Guardian, Stepfather confesses to sticking 42 needles into boy’s body:
The stepfather of a two-year-old boy found with 42 needles in his body has confessed to jabbing them into him as part of a religious ritual, Brazilian police said today. Roberto Carlos Magalhaes claimed that a woman who went into a trance commanded him to stick the needles into the boy’s body, a police inspector, Helder Fernandes Santana, said.

All articles continue at links.  Superstition can be fun, and may be unavoidable.  But superstitions that lead to nonsense and brutality such as the above should have no sympathy from anyone.  It just does not matter if these are ancient traditions, or deeply-held convictions, or bring mental relief to practitioners.  These people should be shunned, at the very least.

Trevor Blake: Religion in the News

Wednesday, November 25th, 2009

Olivia Lang, Hindu Sacrifice of 250,000 Animals Begins:

The government, which donated £36,500 to the event, has shown no sign of discontinuing the centuries-old tradition. An attempt by the previous government to cut the budget for animal sacrifice provoked street protests. Chandan Dev Chaudhary, a Hindu priest, said he was pleased with the festival’s high turnout and insisted tradition had to be kept. “The goddess needs blood,” he said. “Then that person can make his wishes come true.”
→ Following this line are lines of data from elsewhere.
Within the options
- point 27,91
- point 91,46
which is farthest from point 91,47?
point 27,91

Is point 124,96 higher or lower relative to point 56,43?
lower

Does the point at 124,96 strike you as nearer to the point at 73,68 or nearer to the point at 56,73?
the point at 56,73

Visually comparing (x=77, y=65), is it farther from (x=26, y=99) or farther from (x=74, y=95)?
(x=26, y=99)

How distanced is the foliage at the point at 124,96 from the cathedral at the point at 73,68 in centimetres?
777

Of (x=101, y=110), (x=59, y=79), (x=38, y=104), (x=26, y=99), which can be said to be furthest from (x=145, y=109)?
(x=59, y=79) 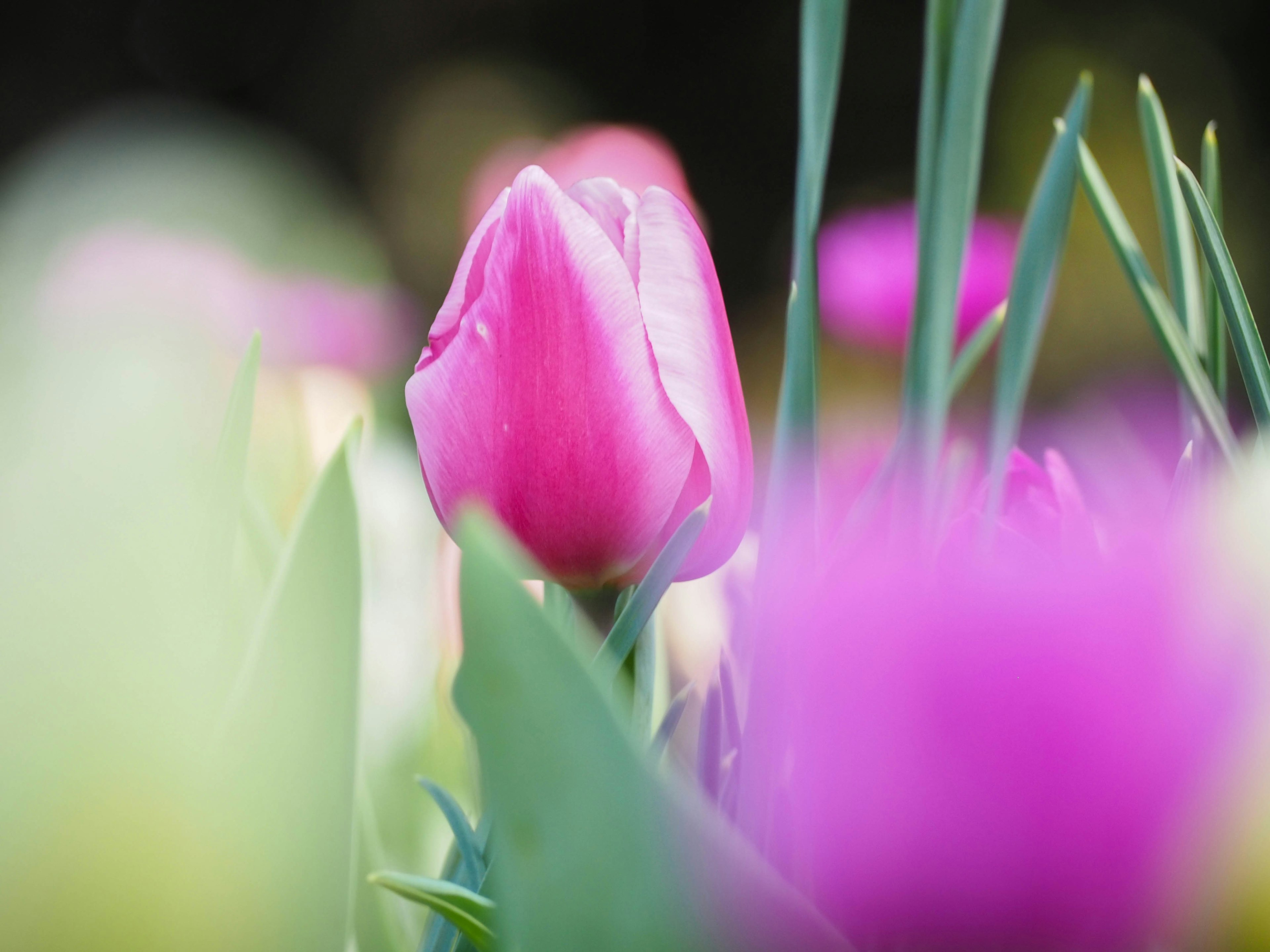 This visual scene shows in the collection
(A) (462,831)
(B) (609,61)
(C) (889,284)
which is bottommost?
(A) (462,831)

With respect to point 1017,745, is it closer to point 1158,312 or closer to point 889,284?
point 1158,312

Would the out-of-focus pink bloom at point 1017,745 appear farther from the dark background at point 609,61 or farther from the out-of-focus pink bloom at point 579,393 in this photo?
the dark background at point 609,61

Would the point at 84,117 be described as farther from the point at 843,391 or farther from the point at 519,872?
the point at 519,872

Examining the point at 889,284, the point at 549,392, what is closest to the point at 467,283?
the point at 549,392

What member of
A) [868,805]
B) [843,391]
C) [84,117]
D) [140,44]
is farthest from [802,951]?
[140,44]

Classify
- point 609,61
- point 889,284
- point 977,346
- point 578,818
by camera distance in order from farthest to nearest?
point 609,61, point 889,284, point 977,346, point 578,818

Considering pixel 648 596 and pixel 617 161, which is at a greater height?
pixel 617 161

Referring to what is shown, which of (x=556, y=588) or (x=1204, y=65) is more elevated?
(x=1204, y=65) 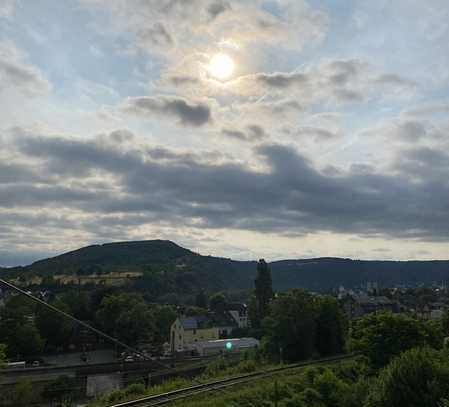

BBC, Taking the Global Pulse of Healthcare:

Rahul Bose, a community worker in West Bengal tells a story [...] “There was this lady who came to my house at eight in the morning,” he says. “She had been bitten by a snake at four in the morning, but since there were no male members in the house, she was not able to leave the house. When I took her to the hospital, the doctors delayed treatment for two hours and so she died in my car.” Cultural attitudes towards women in rural areas, as well as problems of distances from health centres both prove major challenges for improving health.

Robin Hanson, Social Science Cuts Religiosity:

A new NBER paper compares college majors for their effect on student religiosity. Majoring in biological sciences, engineering, or vocational areas all increase religiosity about the same relative to not going to college. Majoring in education encourages religion even more, while majoring in physical science has about the same effect as no college. Majoring in humanities reduces religiosity relative to no college, and majoring in social science reduces it the most.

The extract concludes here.